• Description of the task
The required output is an exact copy of the lines from the one containing "Colosseum Men's Black" through the end of the entries below, with pictures removed.

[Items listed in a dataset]
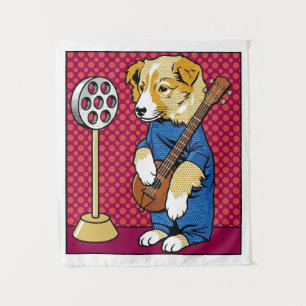 Tenture Chien de Pop Art Jouant d'un Instrument Retro Band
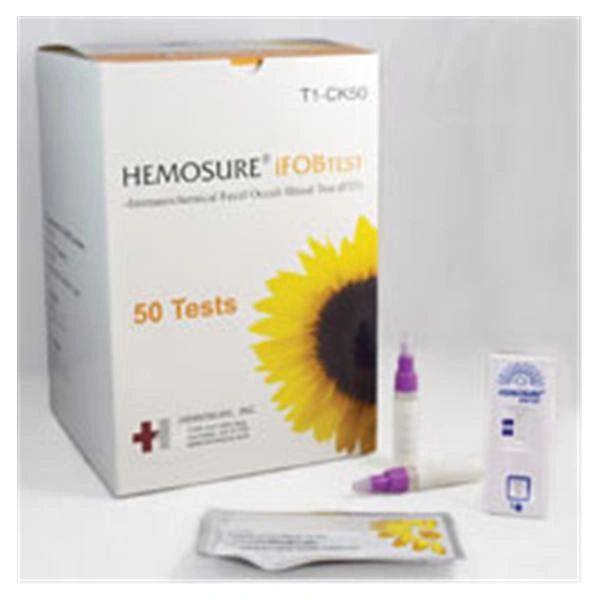 Hemosure iFOB: Immunological Fecal Occult Blood Test Kit CLIA Waived 50/Box , 10 Box/Case , Hemosure T1-CK50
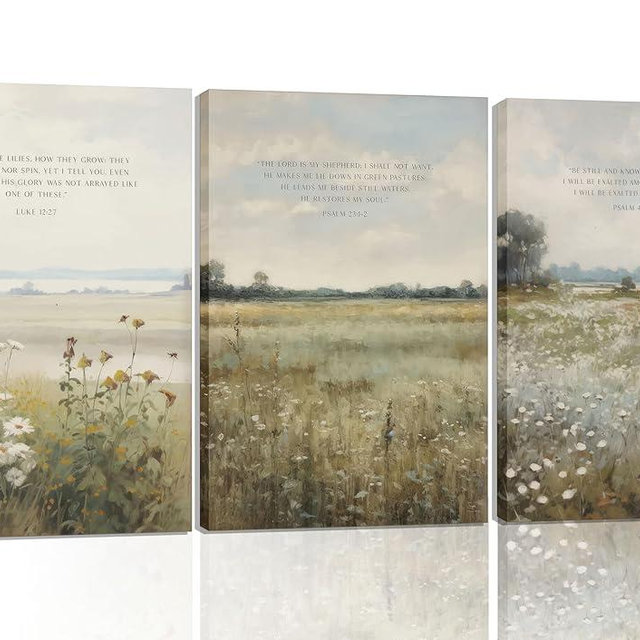 3Pcs Christian Scripture Wall Art Bible Verse Canvas Wall Decor Modern Scripture Floral Prints Religious Pictures Vintage Painting Posters Jesus Faith Pictures for Living Room Bedroom Framed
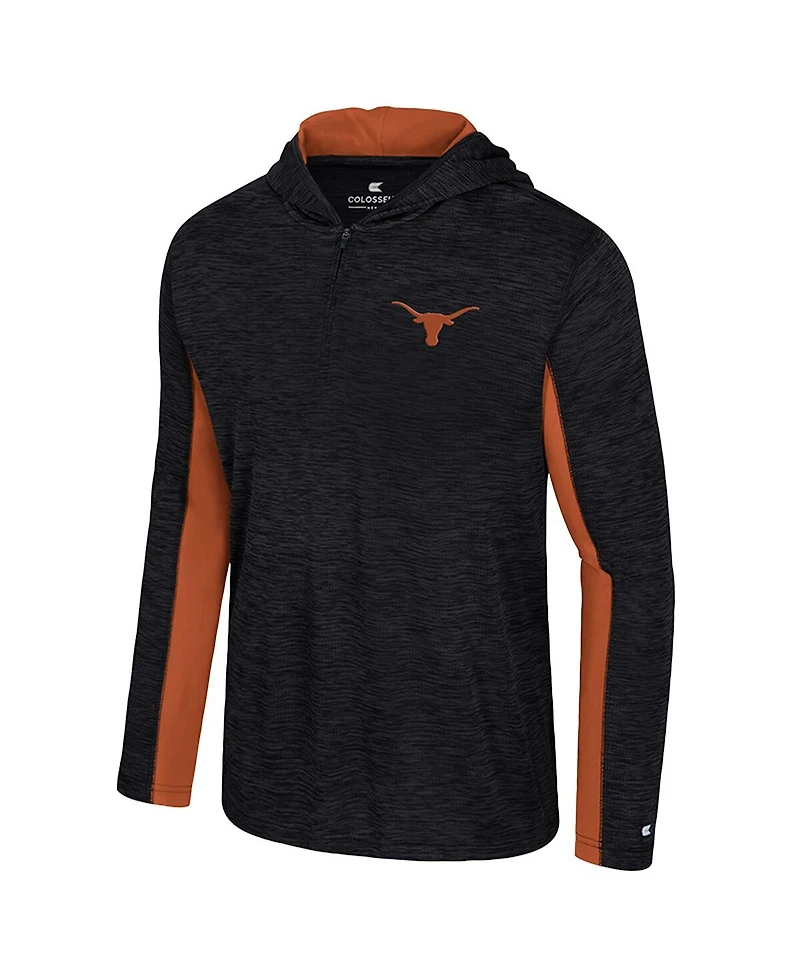 Colosseum Men's Black Texas Longhorns Always Sunny Quarter-Zip Hoodie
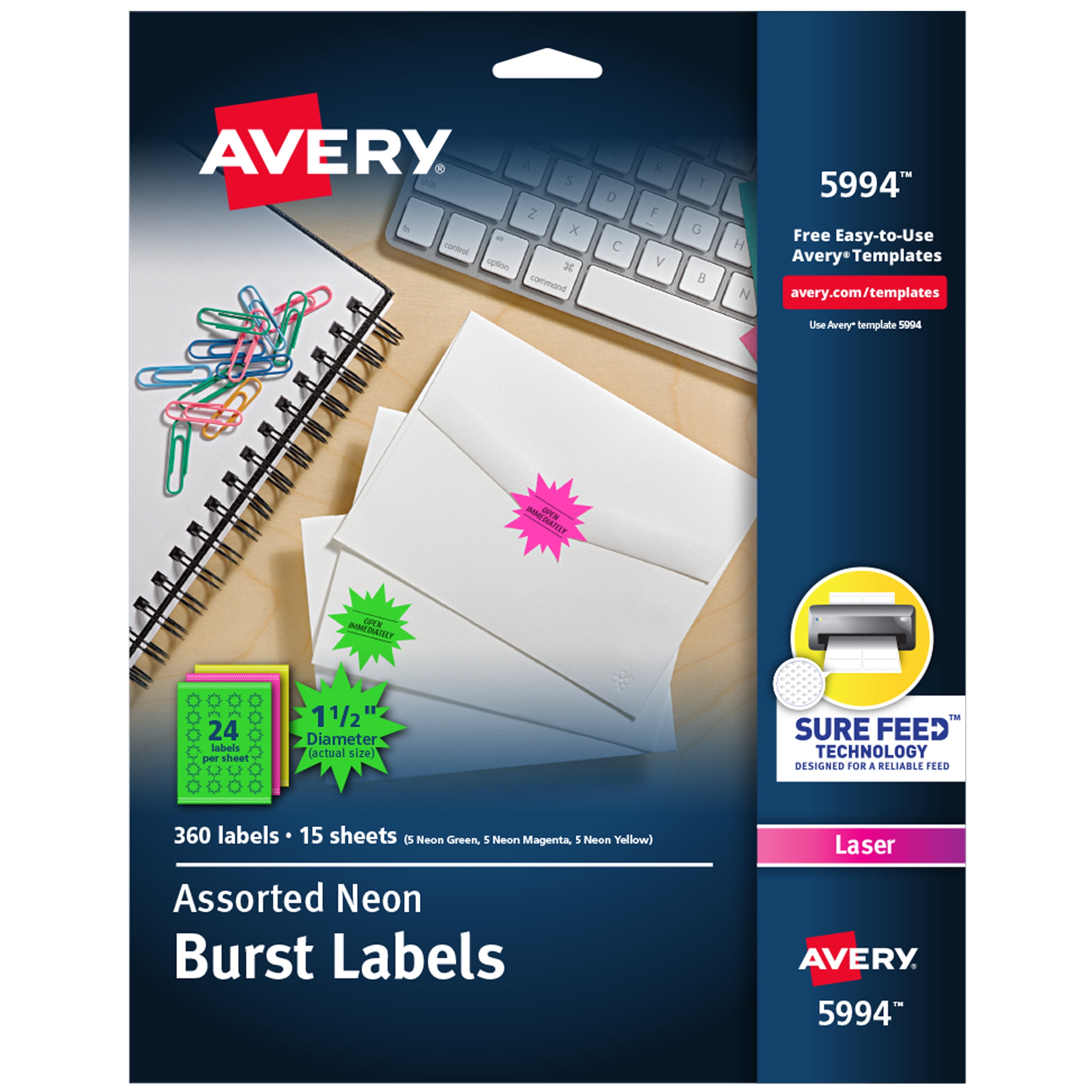 Avery Neon Address Labels with Sure Feed for Laser Printers, 1-1/2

• The completed task
 Colosseum Men's Black Texas Longhorns Always Sunny Quarter-Zip Hoodie
 Avery Neon Address Labels with Sure Feed for Laser Printers, 1-1/2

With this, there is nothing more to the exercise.